Church in Minsk Region, Belarus

The Church of Saint Nicholas (Касцёл Святога Мікалая) is a Catholic church in Svir, Minsk Region, Belarus. It was built in 1653, then destroyed during the Russo-Polish War of 1654–1667.

== History ==

===Grand Duchy of Lithuania===
According to records, the first donations for the altar in Svir were made as early as in 1411 by the local Count Petr Petkovich Svirsky. In 1452 the wooden church was built by order of Ivan Svirsky. The church received 100 ha of croplands, Lake Tusha with a mill and several villages. On August 1, 1472, the nephew of Ivan Svirsky, Senka Romanovich, donated money to build a new altar in the church. In 1490 and 1503 more generous donations were made by local noble families.

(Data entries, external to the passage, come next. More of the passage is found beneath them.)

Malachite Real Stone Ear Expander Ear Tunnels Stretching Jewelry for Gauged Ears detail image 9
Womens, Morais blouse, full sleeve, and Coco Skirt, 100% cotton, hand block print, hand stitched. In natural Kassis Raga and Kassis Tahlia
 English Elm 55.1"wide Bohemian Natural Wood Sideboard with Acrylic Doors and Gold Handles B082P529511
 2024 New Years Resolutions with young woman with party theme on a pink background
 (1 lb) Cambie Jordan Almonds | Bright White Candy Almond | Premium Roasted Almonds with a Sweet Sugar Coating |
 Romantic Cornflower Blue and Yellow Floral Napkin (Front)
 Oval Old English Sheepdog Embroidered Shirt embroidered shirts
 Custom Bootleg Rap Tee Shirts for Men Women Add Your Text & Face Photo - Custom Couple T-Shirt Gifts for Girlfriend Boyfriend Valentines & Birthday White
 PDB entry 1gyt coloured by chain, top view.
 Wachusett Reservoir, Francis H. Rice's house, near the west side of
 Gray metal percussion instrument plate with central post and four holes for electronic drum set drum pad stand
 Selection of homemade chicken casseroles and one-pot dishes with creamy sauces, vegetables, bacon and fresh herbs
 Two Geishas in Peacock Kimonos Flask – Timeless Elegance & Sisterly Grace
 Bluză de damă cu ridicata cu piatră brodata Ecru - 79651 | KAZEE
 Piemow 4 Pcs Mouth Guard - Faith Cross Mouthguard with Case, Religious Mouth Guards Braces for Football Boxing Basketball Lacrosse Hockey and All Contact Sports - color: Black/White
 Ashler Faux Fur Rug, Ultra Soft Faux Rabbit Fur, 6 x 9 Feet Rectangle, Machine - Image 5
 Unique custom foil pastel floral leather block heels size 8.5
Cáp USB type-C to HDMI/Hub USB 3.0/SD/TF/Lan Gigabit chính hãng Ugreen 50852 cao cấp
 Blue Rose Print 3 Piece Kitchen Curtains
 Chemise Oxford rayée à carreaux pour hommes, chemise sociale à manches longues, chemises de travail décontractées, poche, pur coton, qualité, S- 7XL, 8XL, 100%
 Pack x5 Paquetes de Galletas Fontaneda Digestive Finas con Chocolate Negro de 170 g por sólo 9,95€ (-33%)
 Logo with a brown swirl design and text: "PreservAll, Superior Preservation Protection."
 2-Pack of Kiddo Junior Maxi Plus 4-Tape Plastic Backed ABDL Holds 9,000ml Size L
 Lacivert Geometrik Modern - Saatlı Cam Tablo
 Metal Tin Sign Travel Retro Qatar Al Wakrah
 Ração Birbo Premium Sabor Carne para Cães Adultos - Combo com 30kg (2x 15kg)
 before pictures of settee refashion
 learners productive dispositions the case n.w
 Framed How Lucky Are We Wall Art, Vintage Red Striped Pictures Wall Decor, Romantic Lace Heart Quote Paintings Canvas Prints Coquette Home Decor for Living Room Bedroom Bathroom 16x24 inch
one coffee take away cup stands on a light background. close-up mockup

===Polish–Lithuanian Commonwealth===
In 1577 Count Jan Bolesławowicz Świrski, a Calvinist, established a Calvinist parish in the church. In 1598 the Jesuits sued the local Calvinists and got back all the church's property. In 1644 they started the construction of a new stone church. It was consecrated in 1653 but soon destroyed in the Russo-Polish war of 1654–1667.

=== 20th century ===
Between 1903 and 1908, the new church was constructed on the site of the destroyed one. The National Historic Archive of Belarus has documents dated 1923–1940 regarding births, deaths, and weddings. The Soviet authorities closed the church on March 4, 1961, and dismantled the pipe organ. In 1981 a branch of the Smorgon factory occupied the building.
On May 31, 1982, four crosses were taken off the church. In 1985 three church bells were sold for scrap. The parish managed to save one of the bells, which is currently displayed near the church.